Prime Minister Rama rejects those accusations. His government maintains that Albania cannot afford to discourage international investment if she wishes to modernise her economy and complete its path towards membership of the European Union. From that perspective, large foreign investments represent opportunities rather than threats. Governments, he argues, must balance environmental concerns with economic necessity rather than treating conservation as an absolute prohibition upon development.
This tension is hardly unique to Albania. Similar disputes have arisen across southern Europe wherever economically disadvantaged regions possess exceptionally valuable natural landscapes. Every government faces difficult choices between conservation, economic growth, employment and private investment. Perfect solutions rarely exist.
Nevertheless Albania’s case carries particular significance because of the country’s recent history. Having emerged only a generation ago from one of Europe’s most isolated dictatorships, Albania continues to build institutions capable of sustaining both democratic accountability and economic development. High-profile projects inevitably become tests of those institutions. Investors require legal certainty and efficient administration. Citizens require confidence that decisions affecting national resources are made openly, lawfully and in the public interest.

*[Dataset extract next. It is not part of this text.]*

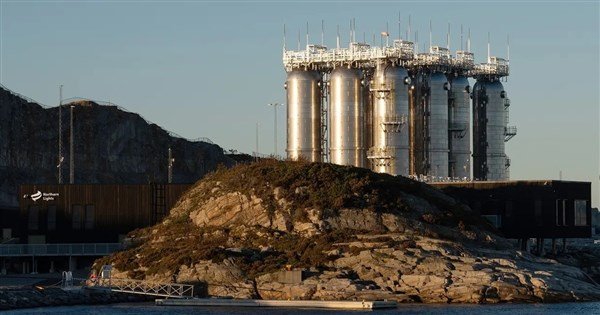 跨國能源業碳封存計畫正式營運　首批成功注入海床下2.6公里地層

The controversy also illustrates the increasingly international nature of modern politics. Jared Kushner’s involvement inevitably attracts global attention because of his prominence in American political life. Questions that might otherwise remain domestic planning disputes instead become subjects of international media scrutiny, diplomatic commentary and wider debate about foreign influence in national development.
Ultimately, the argument is unlikely to be resolved simply by determining whether the resorts should or should not proceed. The more enduring question concerns the standards by which such developments are approved. Transparent procedures, rigorous environmental assessments, respect for property rights and meaningful public consultation are not obstacles to investment. On the contrary, they strengthen investor confidence by reducing future political and legal uncertainty.
Albania’s coastline remains one of Europe’s extraordinary natural landscapes. Whether it becomes home to world-class luxury tourism, preserved wilderness or some carefully balanced combination of the two will shape not only its economy but also its democratic reputation. The debate surrounding Jared Kushner’s developments has therefore become something larger than a dispute over hotels. It has become a test of how Albania intends to reconcile prosperity with accountability, and ambition with stewardship, as she continues her journey towards full integration with the institutions and values of democratic Europe.